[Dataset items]
------------------------------------
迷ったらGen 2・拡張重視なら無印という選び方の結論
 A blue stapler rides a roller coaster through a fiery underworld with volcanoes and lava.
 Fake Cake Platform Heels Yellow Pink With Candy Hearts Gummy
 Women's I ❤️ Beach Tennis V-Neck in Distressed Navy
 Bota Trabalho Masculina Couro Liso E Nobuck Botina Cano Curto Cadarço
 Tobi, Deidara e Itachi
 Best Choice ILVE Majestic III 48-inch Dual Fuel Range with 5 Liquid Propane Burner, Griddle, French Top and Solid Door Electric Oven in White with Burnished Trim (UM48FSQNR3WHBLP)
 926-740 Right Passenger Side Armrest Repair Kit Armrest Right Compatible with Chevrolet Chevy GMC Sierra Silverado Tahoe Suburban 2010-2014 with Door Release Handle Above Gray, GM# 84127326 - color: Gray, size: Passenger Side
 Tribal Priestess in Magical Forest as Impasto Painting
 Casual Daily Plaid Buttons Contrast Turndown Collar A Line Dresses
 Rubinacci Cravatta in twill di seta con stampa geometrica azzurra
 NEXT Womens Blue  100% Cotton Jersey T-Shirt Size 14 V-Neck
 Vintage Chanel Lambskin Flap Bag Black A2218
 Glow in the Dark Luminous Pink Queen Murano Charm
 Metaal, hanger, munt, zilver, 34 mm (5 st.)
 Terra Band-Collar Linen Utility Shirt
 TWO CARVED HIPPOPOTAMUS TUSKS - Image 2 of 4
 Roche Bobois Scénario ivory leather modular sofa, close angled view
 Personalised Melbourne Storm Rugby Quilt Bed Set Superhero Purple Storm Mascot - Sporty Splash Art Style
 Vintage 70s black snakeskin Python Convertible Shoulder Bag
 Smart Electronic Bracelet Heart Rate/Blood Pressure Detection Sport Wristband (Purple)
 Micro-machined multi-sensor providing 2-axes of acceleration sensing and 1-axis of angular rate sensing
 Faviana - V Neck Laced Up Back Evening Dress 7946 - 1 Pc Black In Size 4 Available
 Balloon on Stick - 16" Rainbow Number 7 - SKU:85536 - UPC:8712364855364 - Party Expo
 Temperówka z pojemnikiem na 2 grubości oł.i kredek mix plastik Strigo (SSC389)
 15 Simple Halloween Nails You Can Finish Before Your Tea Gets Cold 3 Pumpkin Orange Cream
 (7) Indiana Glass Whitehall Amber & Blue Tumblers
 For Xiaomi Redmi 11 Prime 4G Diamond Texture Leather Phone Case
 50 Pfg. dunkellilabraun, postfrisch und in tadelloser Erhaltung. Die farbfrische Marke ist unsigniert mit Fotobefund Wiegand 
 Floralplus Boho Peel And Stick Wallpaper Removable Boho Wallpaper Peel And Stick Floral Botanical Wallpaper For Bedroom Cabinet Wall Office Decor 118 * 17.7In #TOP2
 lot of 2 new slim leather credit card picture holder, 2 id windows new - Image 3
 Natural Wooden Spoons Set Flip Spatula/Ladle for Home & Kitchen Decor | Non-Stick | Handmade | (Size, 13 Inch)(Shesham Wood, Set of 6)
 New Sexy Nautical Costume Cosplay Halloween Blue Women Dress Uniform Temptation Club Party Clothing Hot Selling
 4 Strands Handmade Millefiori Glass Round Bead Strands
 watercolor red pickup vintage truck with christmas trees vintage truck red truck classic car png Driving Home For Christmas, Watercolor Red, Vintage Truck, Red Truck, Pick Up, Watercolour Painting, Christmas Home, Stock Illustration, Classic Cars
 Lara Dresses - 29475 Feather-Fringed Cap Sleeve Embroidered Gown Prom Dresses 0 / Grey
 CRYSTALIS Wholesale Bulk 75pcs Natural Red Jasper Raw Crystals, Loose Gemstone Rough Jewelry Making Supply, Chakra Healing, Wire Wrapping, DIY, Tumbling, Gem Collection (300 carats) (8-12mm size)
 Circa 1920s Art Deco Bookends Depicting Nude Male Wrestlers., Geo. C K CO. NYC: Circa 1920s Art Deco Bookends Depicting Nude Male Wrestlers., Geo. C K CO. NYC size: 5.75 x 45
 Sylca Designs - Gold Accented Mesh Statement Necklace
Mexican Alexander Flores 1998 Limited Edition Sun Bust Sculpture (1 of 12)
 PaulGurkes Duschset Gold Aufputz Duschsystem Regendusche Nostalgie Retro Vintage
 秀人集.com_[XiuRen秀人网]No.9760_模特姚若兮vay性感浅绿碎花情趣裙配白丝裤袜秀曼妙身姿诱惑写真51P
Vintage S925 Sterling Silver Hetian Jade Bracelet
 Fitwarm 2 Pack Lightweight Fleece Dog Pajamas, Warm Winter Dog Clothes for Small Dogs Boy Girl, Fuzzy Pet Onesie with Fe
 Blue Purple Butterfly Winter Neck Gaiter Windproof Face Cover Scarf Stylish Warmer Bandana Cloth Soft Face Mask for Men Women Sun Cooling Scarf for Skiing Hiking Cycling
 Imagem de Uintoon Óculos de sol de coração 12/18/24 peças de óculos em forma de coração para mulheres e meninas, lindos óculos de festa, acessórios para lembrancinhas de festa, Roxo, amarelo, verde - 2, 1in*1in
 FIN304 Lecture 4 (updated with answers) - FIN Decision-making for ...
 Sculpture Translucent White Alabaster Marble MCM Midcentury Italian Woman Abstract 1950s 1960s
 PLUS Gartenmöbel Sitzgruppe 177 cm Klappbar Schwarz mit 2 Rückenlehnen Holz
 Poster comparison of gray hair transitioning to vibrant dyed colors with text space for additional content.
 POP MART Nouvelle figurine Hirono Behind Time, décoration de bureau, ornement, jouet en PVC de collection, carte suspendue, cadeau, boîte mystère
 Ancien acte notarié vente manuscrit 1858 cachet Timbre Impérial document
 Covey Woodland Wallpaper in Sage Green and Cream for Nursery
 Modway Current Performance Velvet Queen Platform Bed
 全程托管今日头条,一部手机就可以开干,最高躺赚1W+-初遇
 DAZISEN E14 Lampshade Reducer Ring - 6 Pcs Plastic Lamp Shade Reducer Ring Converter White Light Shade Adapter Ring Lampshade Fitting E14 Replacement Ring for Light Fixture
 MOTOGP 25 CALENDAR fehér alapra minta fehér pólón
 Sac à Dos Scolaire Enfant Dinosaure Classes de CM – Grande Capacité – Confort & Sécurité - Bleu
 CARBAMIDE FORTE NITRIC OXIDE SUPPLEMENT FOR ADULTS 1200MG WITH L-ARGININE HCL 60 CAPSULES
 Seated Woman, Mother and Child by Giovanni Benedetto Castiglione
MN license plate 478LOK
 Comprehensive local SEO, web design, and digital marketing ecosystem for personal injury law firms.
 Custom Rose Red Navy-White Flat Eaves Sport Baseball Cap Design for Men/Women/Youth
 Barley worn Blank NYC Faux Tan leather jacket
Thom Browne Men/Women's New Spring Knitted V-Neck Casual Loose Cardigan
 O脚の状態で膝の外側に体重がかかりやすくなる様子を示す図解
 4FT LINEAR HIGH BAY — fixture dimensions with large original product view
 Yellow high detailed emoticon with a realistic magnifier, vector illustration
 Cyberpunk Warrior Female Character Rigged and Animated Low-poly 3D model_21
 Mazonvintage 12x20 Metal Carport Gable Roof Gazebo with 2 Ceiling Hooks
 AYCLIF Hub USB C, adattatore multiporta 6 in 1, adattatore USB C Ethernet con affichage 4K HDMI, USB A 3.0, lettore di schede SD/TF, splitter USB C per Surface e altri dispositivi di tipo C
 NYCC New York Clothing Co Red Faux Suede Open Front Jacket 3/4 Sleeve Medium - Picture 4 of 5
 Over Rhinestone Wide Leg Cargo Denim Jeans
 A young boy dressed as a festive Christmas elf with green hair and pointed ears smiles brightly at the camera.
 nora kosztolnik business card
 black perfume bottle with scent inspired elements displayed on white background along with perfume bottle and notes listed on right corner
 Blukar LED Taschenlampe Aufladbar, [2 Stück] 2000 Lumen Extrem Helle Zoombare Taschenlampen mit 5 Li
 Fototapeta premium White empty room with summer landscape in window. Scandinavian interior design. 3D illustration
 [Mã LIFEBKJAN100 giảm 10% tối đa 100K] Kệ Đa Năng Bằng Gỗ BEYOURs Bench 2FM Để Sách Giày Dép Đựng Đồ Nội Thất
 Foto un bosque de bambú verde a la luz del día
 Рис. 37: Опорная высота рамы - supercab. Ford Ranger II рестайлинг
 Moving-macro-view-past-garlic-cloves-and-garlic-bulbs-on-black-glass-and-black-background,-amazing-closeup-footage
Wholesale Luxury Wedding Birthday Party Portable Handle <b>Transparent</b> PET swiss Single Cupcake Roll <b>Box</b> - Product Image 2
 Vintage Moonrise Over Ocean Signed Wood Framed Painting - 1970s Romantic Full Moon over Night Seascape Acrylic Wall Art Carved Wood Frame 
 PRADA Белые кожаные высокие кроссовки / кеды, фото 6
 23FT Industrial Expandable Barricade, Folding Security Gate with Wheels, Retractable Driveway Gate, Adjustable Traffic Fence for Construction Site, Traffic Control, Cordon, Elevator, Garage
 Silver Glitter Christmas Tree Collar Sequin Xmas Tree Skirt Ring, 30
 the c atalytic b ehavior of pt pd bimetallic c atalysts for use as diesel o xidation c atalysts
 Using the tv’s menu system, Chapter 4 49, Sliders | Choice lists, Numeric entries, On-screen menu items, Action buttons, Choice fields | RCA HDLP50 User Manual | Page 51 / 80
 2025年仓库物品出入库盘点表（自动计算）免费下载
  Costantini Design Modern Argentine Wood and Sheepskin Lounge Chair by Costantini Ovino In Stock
------------------------------------
**EXERCISE DESCRIPTION**
All that is required is the number of lines in the data above that contain the word "Purple".

**RESULT OF THIS TASK**
3